[Records supplied]

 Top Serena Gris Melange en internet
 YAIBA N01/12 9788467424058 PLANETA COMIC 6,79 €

[/Records supplied]
[Records supplied]

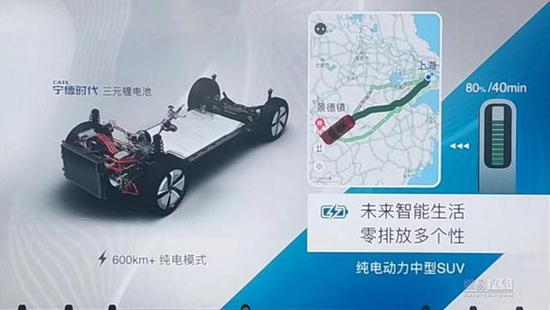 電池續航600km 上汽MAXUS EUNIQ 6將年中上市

[/Records supplied]

Problem details> What you give back should be only the lines of the records above, starting at the line with "Top Serena Gris Melange en internet" and ending at the line with "YAIBA N01/12 9788467424058", restated word for word.

Response for this exercise>
 Top Serena Gris Melange en internet
 YAIBA N01/12 9788467424058 PLANETA COMIC 6,79 €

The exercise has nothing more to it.